1 research outputs found
Learning to Infer the Depth Map of a Hand from its Color Image
We propose the first approach to the problem of inferring the depth map of a
human hand based on a single RGB image. We achieve this with a Convolutional
Neural Network (CNN) that employs a stacked hourglass model as its main
building block. Intermediate supervision is used in several outputs of the
proposed architecture in a staged approach. To aid the process of training and
inference, hand segmentation masks are also estimated in such an intermediate
supervision step, and used to guide the subsequent depth estimation process.
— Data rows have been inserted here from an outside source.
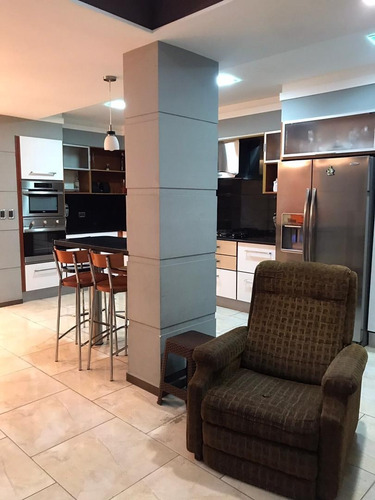 Imagen 6 de 11 de Cabrera Lopez Alquila | Town House | Con Planta Eléctrica Y Pozo De Agua Propio | Trigal Norte, Res. Monte Plata |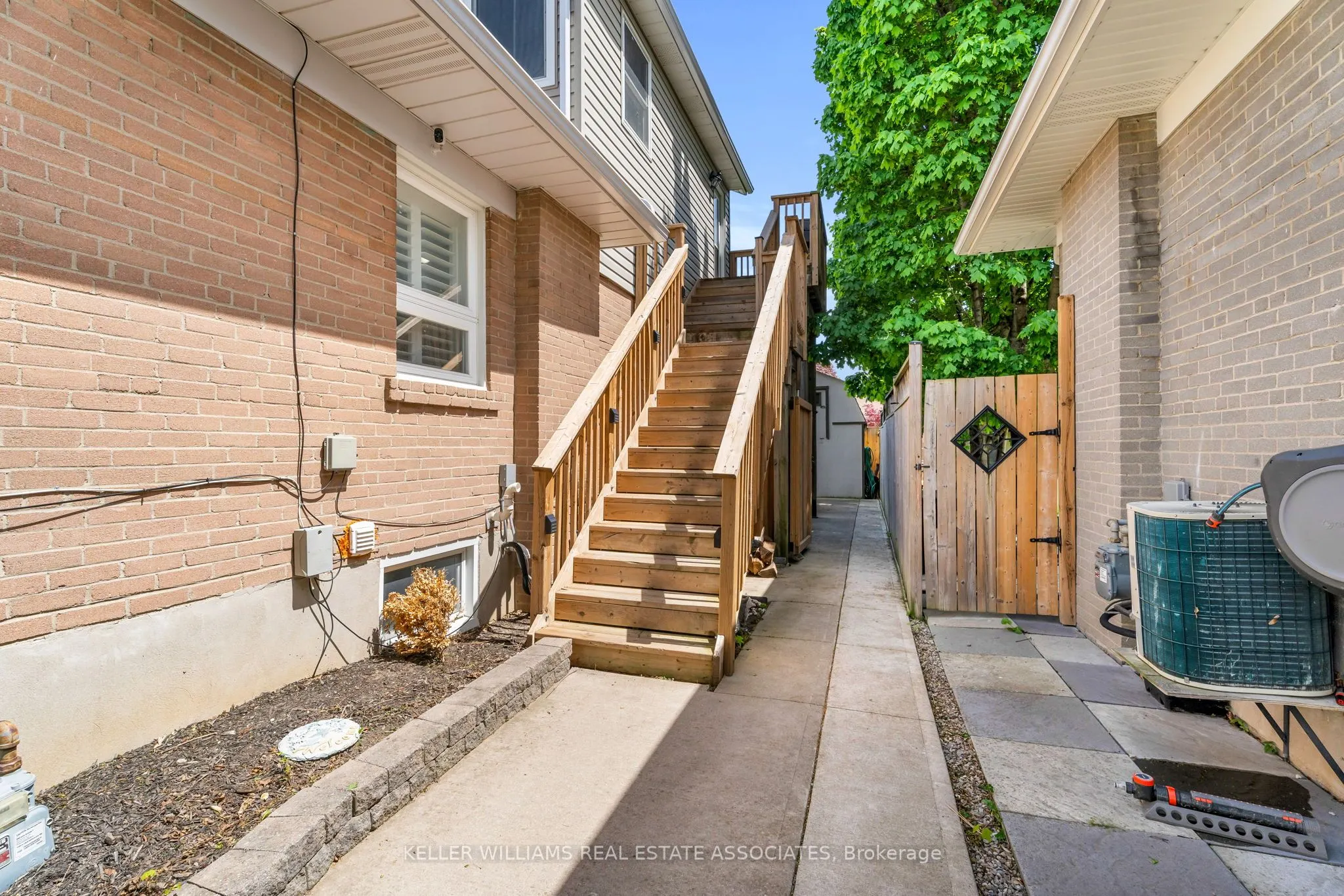 21 Bairstow Crescent
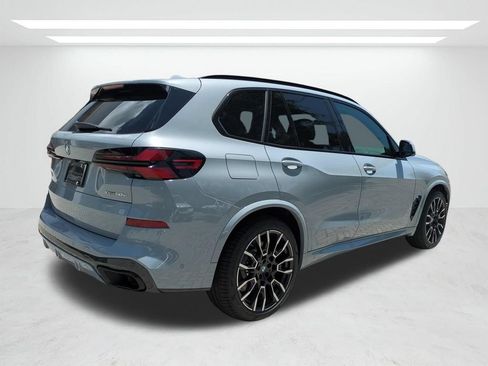 New 2026 BMW X5 xDrive50e w/ M Sport Package AWD/4WD image 4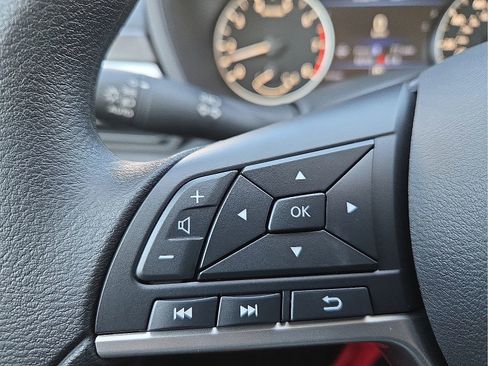 New 2026 Nissan Altima 2.5 SV FWD image 19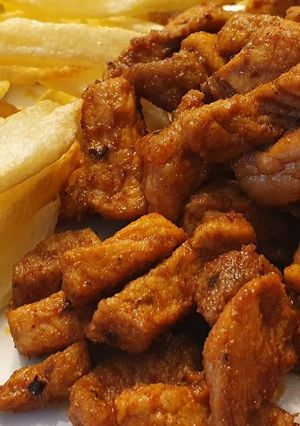 Una foto de Zorza a la gallega con patatas fritas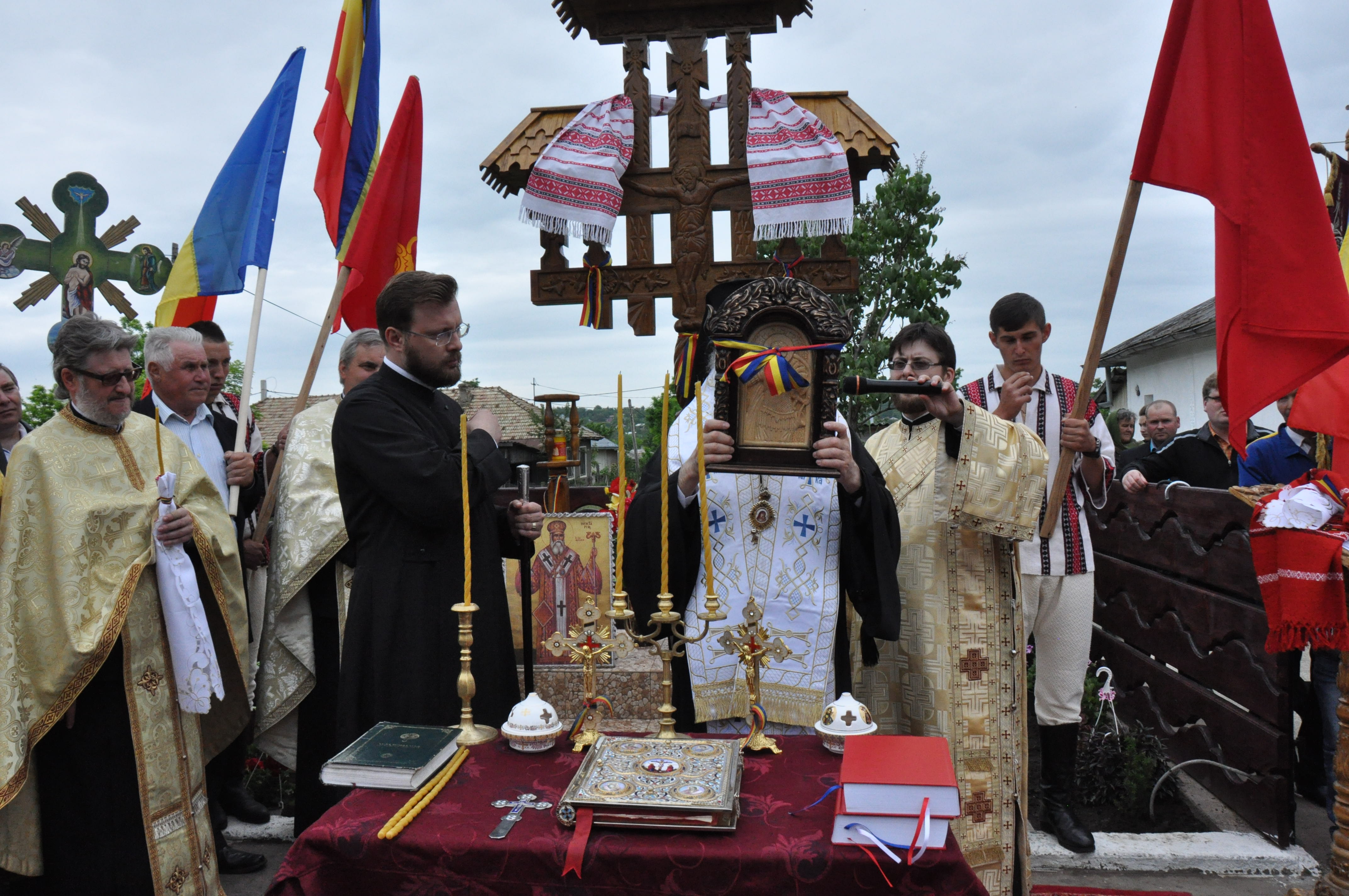 Sfințire de troițe în parohiile Chișcăreni și Petricani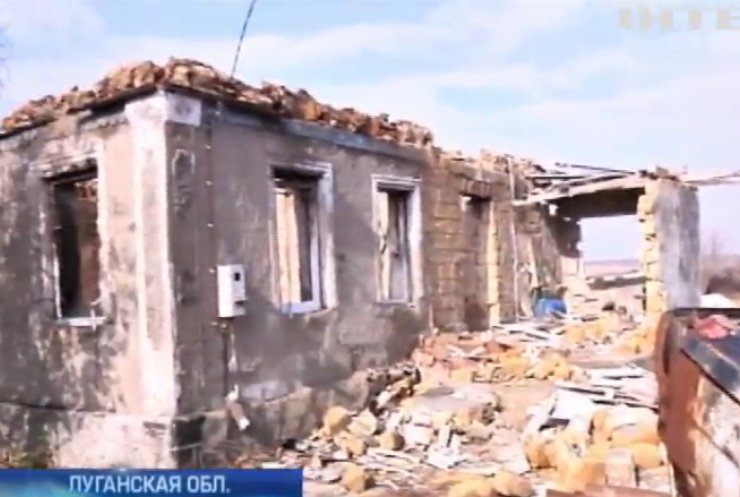 Оккупанты Донбасса восстанавливают разрушенные дома по лотерее (видео)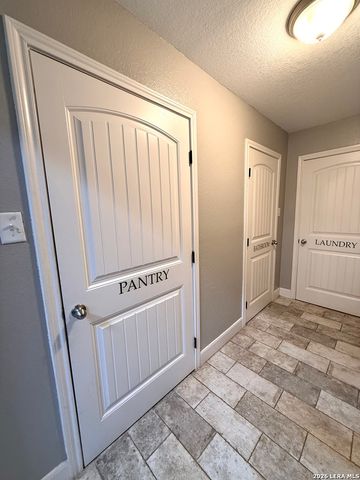 5923 Pioneer Rdg, San Antonio, TX 78245
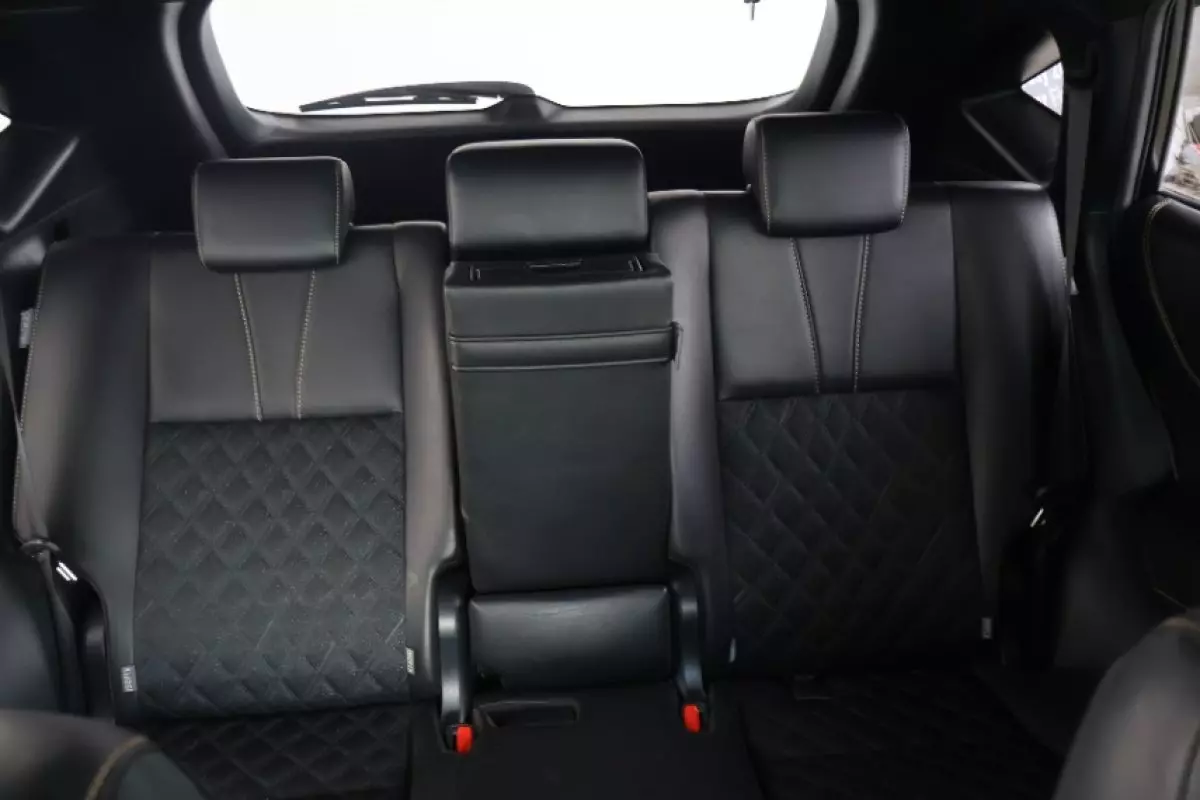 interiorBack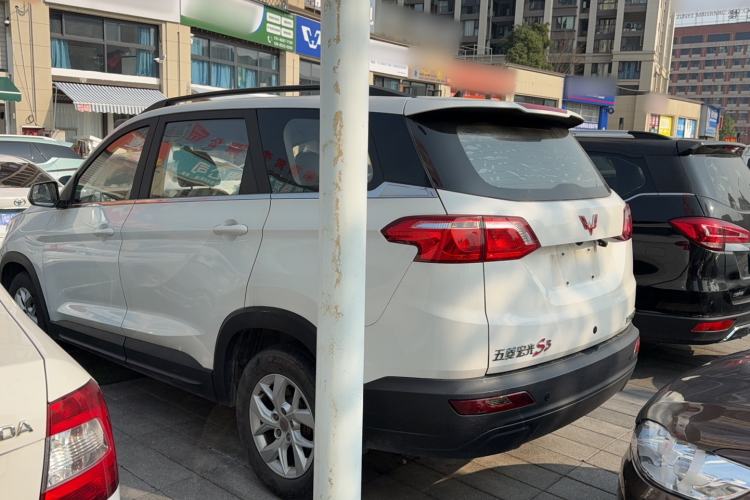 Used Wuling Hongguang S3 2018 1.5L Manual Comfort Model China V Standard Exterior 5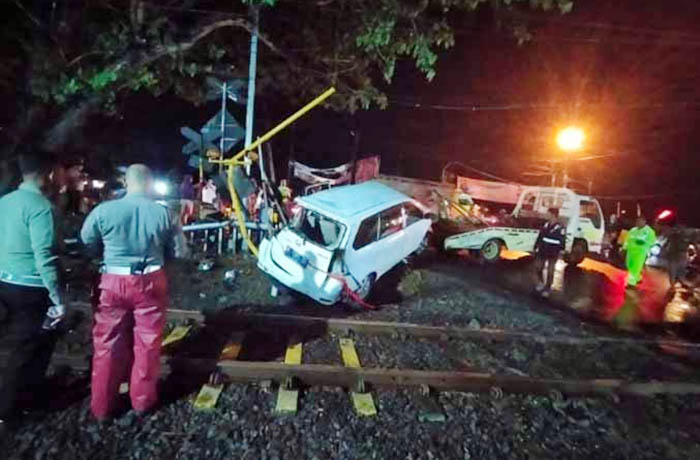 RINGSEK: Evakuasi mobil Daihatsu Xenia setelah tertabrak kereta api di perlinasan Beji, dekat markas Yonkav Beji, Minggu (2/7) petang.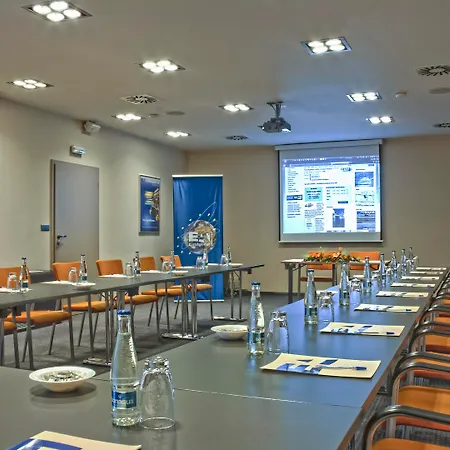 Otel Ea Crystal Palace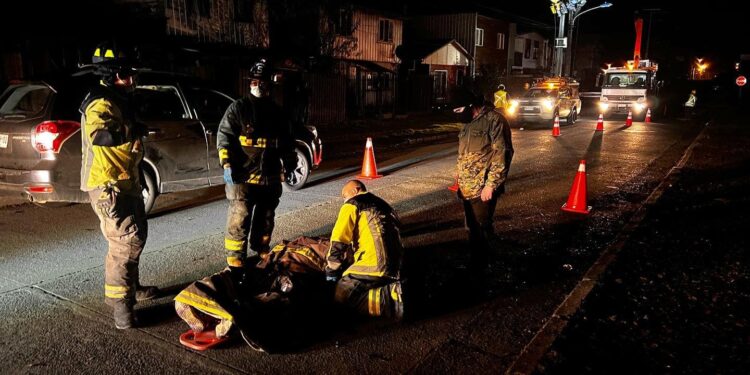 Osorno: Persona quedó con diversas lesiones tras caer a ducto del desagüe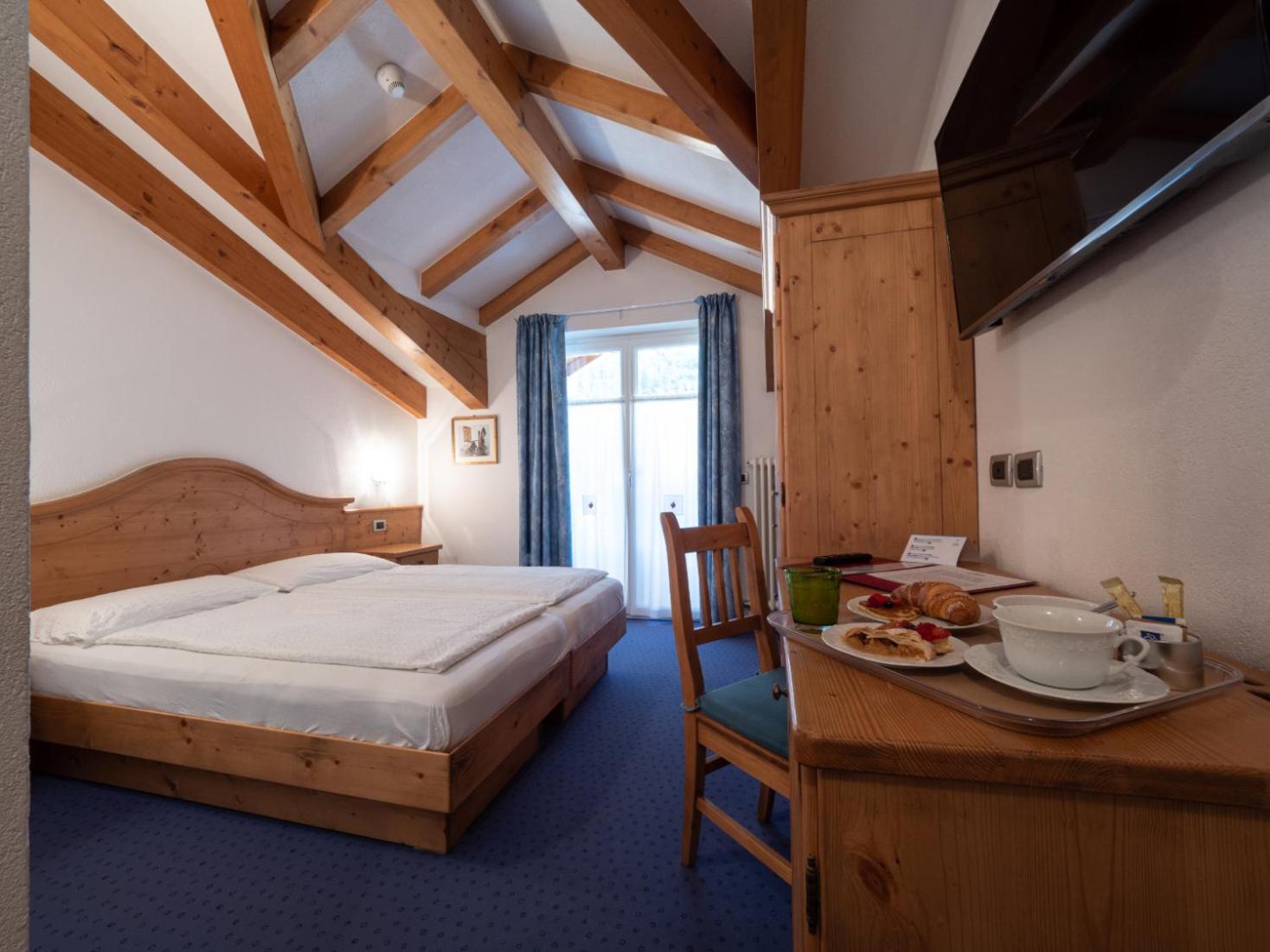 Double or Twin Room with Balcony - Photo 5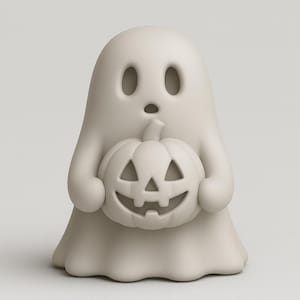 Puede incluir: Figura de fantasma de Halloween de color beige claro sosteniendo una calabaza tallada. El fantasma tiene ojos ovalados y una expresi&oacute;n de sorpresa. La calabaza tiene una cara tallada con ojos triangulares y una boca sonriente. Decoraci&oacute;n festiva.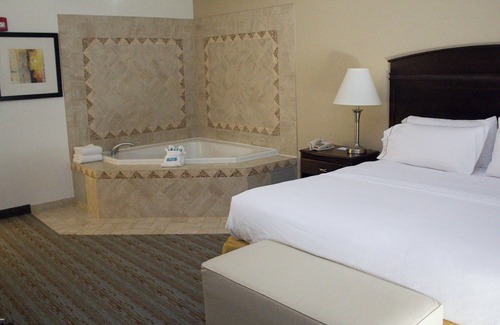 West Jefferson Hotel | Holiday Inn Express West Jefferson by IHG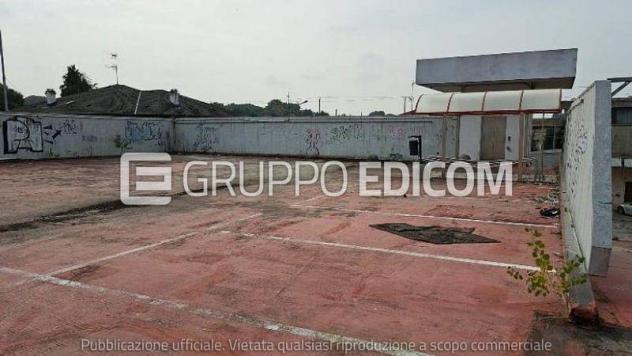 Fabbricati costruiti per esigenze commerciali di 1400 mq in vendita a Oleggio - Rif. 4557580 - Foto 3
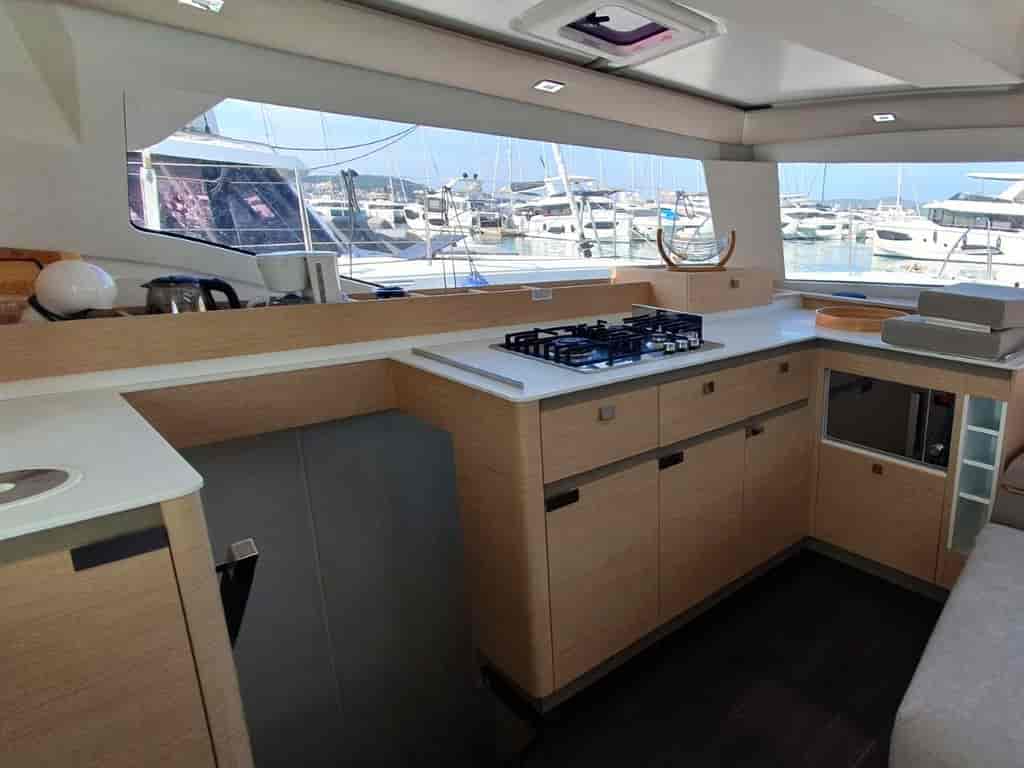 Boat picture 11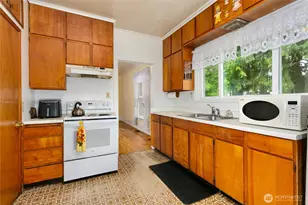 1424 S 45th St, Tacoma, WA 98418 - Photo 23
In
order to train and evaluate the proposed method we compile and make publicly
available HandRGBD, a new dataset of 20,601 views of hands, each consisting of
an RGB image and an aligned depth map. Based on HandRGBD, we explore variants
of the proposed approach in an ablative study and determine the best performing
one. The results of an extensive experimental evaluation demonstrate that hand
depth estimation from a single RGB frame can be achieved with an accuracy of
22mm, which is comparable to the accuracy achieved by contemporary low-cost
depth cameras. Such a 3D reconstruction of hands based on RGB information is
valuable as a final result on its own right, but also as an input to several
other hand analysis and perception algorithms that require depth input.
Essentially, in such a context, the proposed approach bridges the gap between
RGB and RGBD, by making all existing RGBD-based methods applicable to RGB
input